Re: [PATCH bpf-next v2 0/4] Add ftrace direct call for arm64

From: Florent Revest
Date: Mon Oct 17 2022 - 15:10:49 EST


Uhuh, apologies for my perf report formatting! I'll try to figure it
out for next time, meanwhile you can find it better formatted here
https://paste.debian.net/1257405/

On Mon, Oct 17, 2022 at 8:49 PM Steven Rostedt <rostedt@xxxxxxxxxxx> wrote:
>
> On Mon, 17 Oct 2022 19:55:06 +0200
> Florent Revest <revest@xxxxxxxxxxxx> wrote:
>
> > Note that I can't really make sense of the perf report with indirect
> > calls. it always reports it spent 12% of the time in
> > rethook_trampoline_handler but I verified with both a WARN in that
> > function and a breakpoint with a debugger, this function does *not*
> > get called when running this "bench trig-fentry" benchmark. Also it
> > wouldn't make sense for fprobe_handler to call it so I'm quite
> > confused why perf would report this call and such a long time spent
> > there. Anyone know what I could be missing here ?
>
> The trace shows __bpf_prog_exit, which I'm guessing is tracing the end of
> the function.
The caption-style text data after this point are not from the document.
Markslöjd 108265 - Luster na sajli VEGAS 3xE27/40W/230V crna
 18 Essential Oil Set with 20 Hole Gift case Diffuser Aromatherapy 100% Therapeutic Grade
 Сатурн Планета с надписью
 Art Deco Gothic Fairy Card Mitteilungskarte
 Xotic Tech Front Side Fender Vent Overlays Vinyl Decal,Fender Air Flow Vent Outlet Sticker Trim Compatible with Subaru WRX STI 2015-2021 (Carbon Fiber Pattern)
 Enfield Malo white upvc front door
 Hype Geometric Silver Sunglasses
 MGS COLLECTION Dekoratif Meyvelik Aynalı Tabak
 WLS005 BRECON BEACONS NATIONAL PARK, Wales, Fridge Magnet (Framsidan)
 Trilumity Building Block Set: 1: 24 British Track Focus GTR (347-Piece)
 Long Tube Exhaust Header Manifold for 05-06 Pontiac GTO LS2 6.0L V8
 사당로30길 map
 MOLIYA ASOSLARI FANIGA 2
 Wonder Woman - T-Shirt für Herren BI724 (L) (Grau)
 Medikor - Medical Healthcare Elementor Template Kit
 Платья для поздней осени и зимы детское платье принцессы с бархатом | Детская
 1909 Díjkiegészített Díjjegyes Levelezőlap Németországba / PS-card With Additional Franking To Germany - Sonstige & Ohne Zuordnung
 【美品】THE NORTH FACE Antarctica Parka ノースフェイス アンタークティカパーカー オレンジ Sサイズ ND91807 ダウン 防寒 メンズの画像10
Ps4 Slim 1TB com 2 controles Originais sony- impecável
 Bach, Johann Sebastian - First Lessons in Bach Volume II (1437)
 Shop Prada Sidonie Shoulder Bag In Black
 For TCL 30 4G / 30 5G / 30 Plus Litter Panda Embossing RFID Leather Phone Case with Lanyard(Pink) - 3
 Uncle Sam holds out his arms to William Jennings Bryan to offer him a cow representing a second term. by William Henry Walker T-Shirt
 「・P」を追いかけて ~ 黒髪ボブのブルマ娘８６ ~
Right?

Actually no, this function is called to end the context of a BPF
program execution. Here it is called at the end of the fentry program
(so still before the traced function). I hope the pastebin helps
clarify this!

> In which case I believe it must call rethook_trampoline_handler:
>
> -> fprobe_handler() /* Which could use some "unlikely()" to move disabled
> paths out of the hot path */
>
> /* And also calls rethook_try_get () which does a cmpxchg! */
>
> -> ret_hook()
> -> arch_rethook_prepare()
> Sets regs->lr = arch_rethook_trampoline
>
> On return of the function, it jumps to arch_rethook_trampoline()
>
> -> arch_rethook_trampoline()
> -> arch_rethook_trampoline_callback()
> -> rethook_trampoline_handler()

This is indeed what happens when an fexit program is also attached.
But when running "bench trig-fentry", only an fentry program is
attached so bpf_fprobe_entry returns a non-zero value and fprobe
doesn't call rethook_hook.

Also, in this situation arch_rethook_trampoline is called by the
traced function's return but in the perf report, iiuc, it shows up as
being called from fprobe_handler and that should never happen. I
wonder if this is some sort of stack unwinding artifact during the
perf record?

> So I do not know how it wouldn't trigger the WARNING or breakpoint if you
> added it there.

By the way, the WARNING does trigger if I also attach an fexit program
(then rethook_hook is called). But I made sure we skip the whole
rethook logic if no fexit program is attached so bench trig-fentry
should not go through rethook_trampoline_handler.